Romaine only rallied behind my decision to become a pastry chef when he
decided I could use my previous popularity to further success in a new venture, namely open a chain of bakeries and maybe get my own show on the Food Network, but that isn’t what I wanted to do.
I wanted to see what it was like to be a normal person, work a normal job, live a normal life. When I started working at Le Deux Langues, Romaine would eat several meals a week there, hosting an assortment of our famous friends. Well, more his friends than mine. I haven’t heard a peep out of most of them since he and I broke up six months ago.
With my rock star fiancé on site, the paparazzi were guaranteed to be there. This assured everyone who was anyone, or aspired to be someone, free publicity if they ate at Le Deux. There’s nothing like a spotlight to keep the Hollywood crowd foaming at the mouth and lining up to be seen.
Each night after work I needed a shower to wash off more than the fine coating of sugar and flour that were a by-product of my job.
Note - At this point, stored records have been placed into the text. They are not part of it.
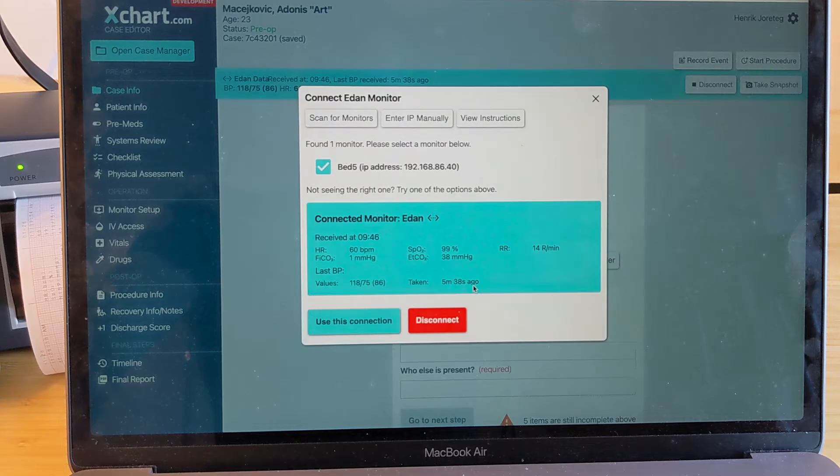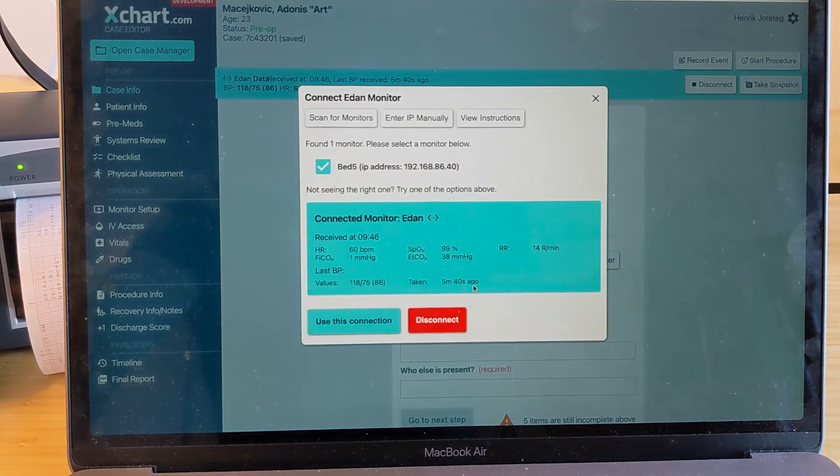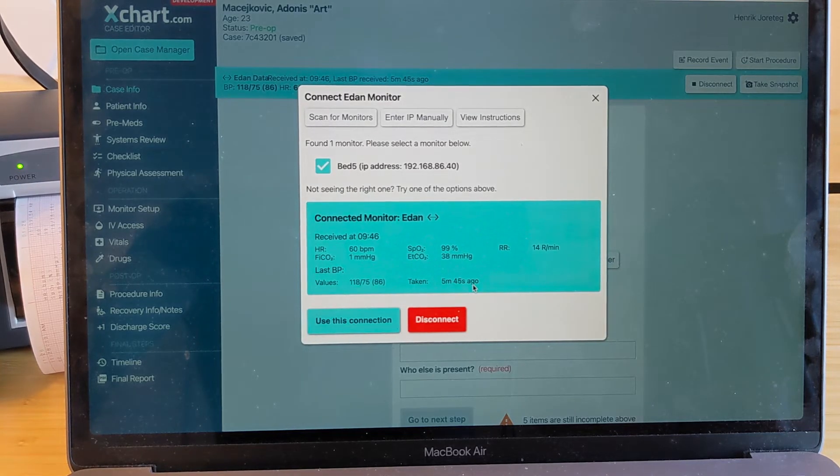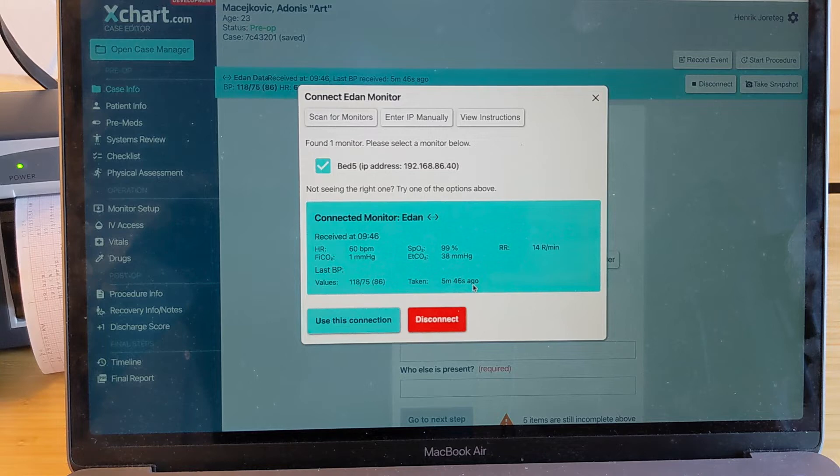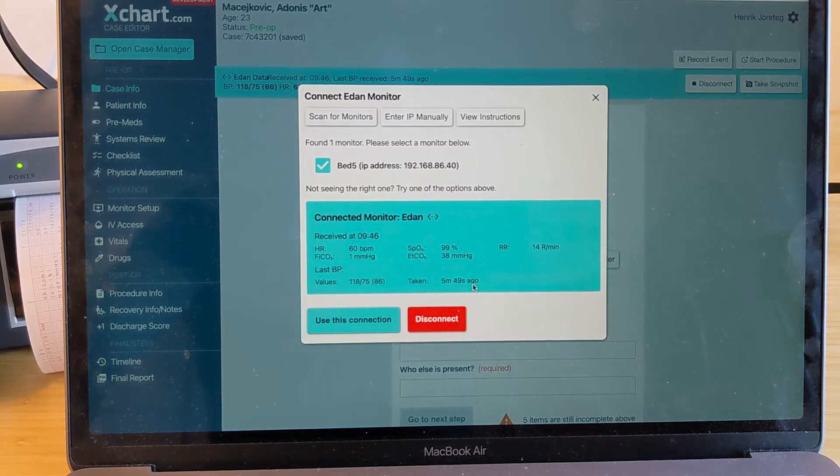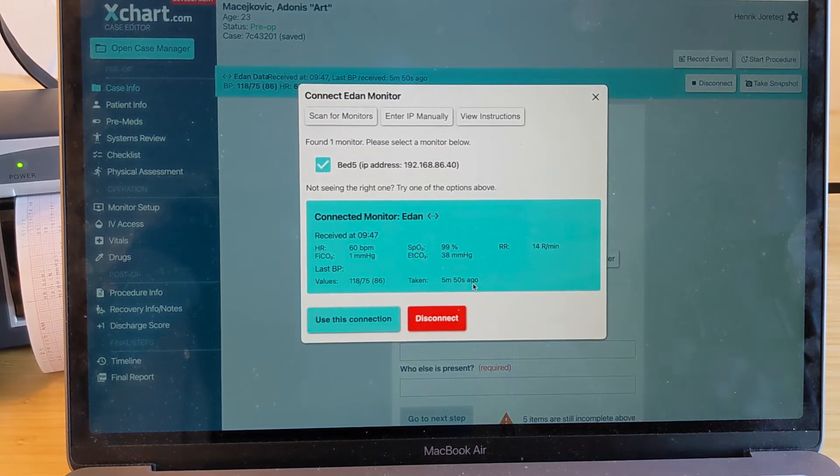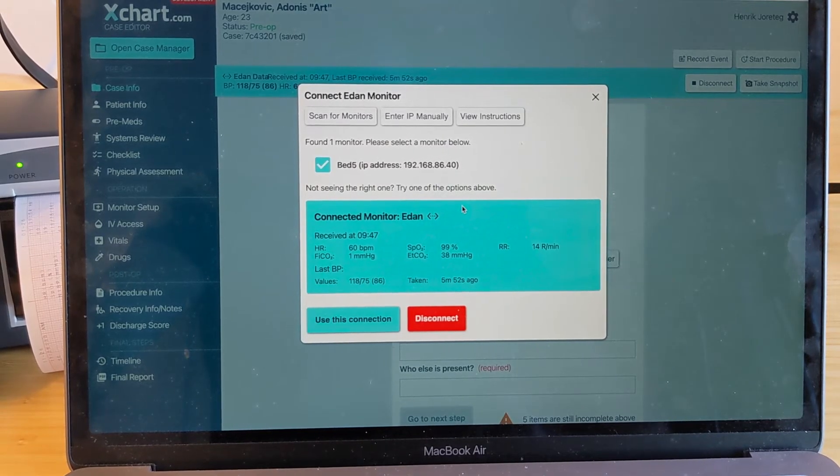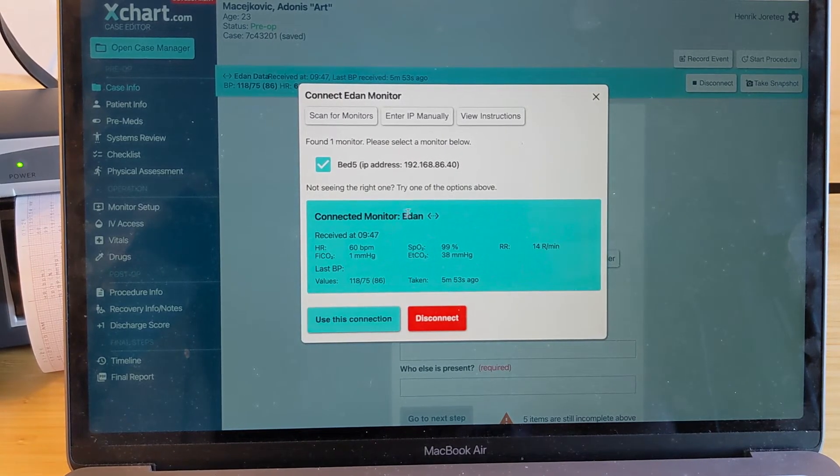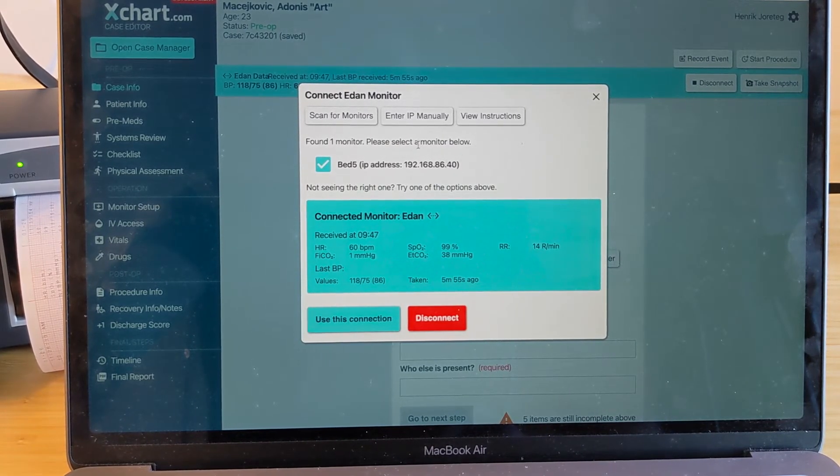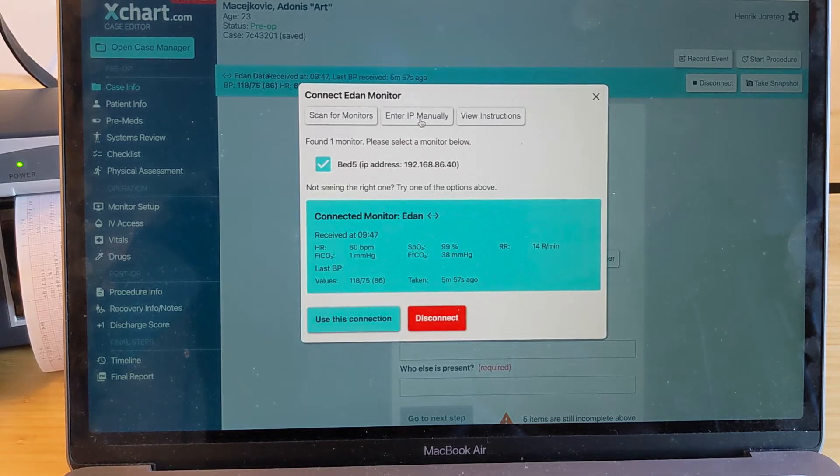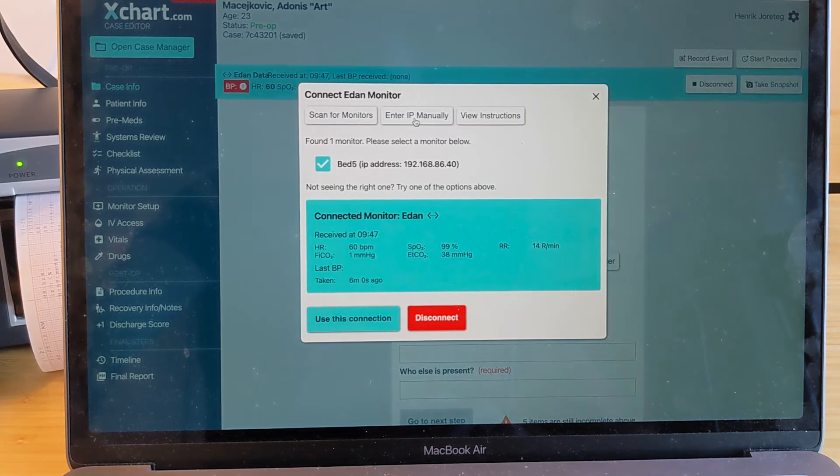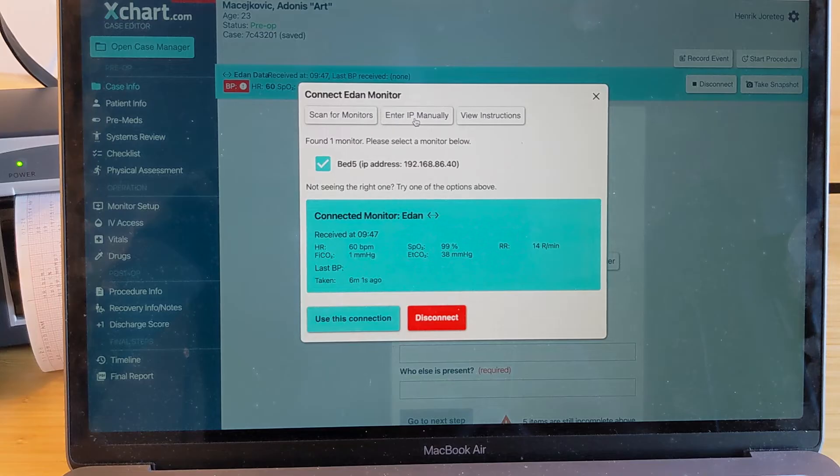So this depends a little bit on how your network is set up. Some of them are kind of obfuscated, so it's a little more difficult for it to search on the network. But in this particular case, it found it just fine. And if for whatever reason it does not find it, it will show you an error message. And then you can choose to enter the IP address manually, which is what I showed you before.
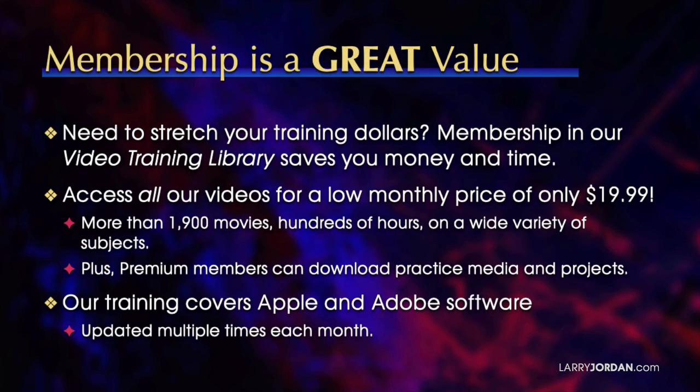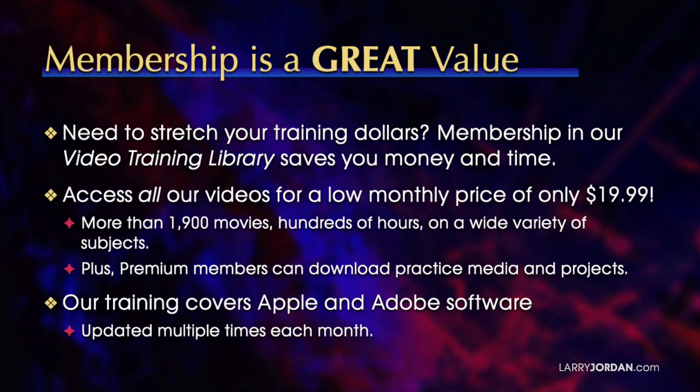By the way, when you need to stretch your training dollars, membership in our video training library saves you money and time. You can access all our videos for a low monthly price of only $19.99. That's almost 2,000 movies, hundreds of hours, on a wide variety of subjects. Plus, premium members can download practice media and projects. Our training covers Apple and Adobe software. We update it multiple times each month. For more information, visit LarryJordan.com/membership. And thanks.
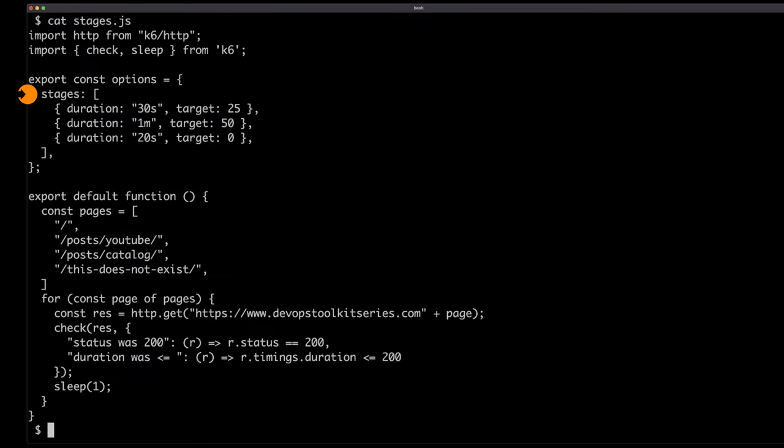The tests defined and executed so far were too simple. In the real world, the number of users is not constant — it fluctuates. In the morning we might have fewer users, then more, then less again, then a massive amount because it's Christmas. We can include those variations through stages. We can say the first stage lasts 30 seconds targeting 25 users — starting from nothing and ramping up. After that, go for one minute towards 50 users, then drop toward zero users over 20 seconds. Those are the stages: increase users, decrease users, with different durations.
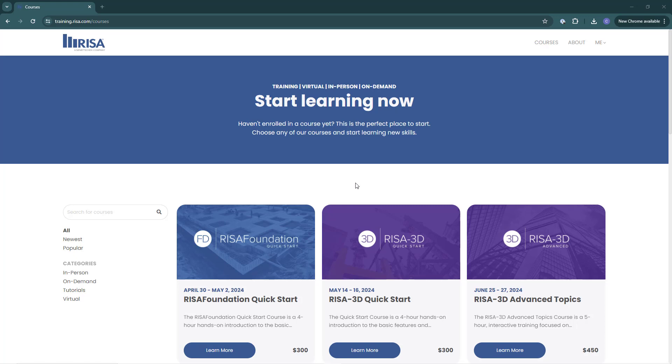Let's go ahead and take a look at using tutorials in the RESA Learning Center. I've already logged into my RESA Learning Center using my RESA Customer Portal credentials.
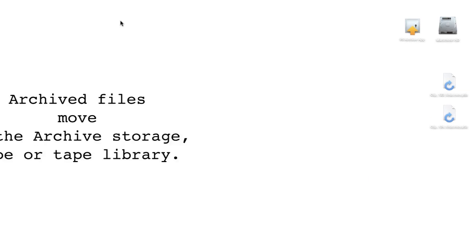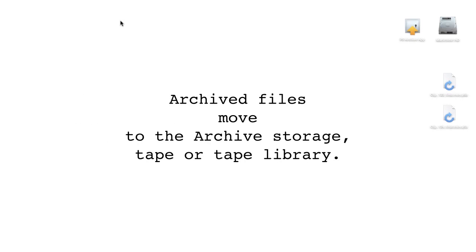Archive files move to the Archive Storage, Tape or Tape Library. A small archive link remains.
The residue of desperate people chasing fame was not unlike the lingering effects of a skunk attack.
The owners, Phillipe and Joselle, told me to hire another assistant so I could spend more time in the dining room with Romaine. I didn’t want to be a walking billboard for them, I wanted to be in the kitchen creating delicacies I hadn’t previously been able to do more than sample. Ones that I no longer feel any guilt consuming.
Romaine and I were at odds for ages over my desire to hold down a full-time job. He wanted me on his arm posing for photo ops, and I wanted to never see another camera.
One of our fights was captured on film and published by “Auntie Harlot,” the industry’s most viewed gossip blog. While the content of the article was highly speculative, the pictures pretty much said it all. There was trouble in paradise. Every tabloid worth its salt picked up the story and ran with it, embellishing as they went.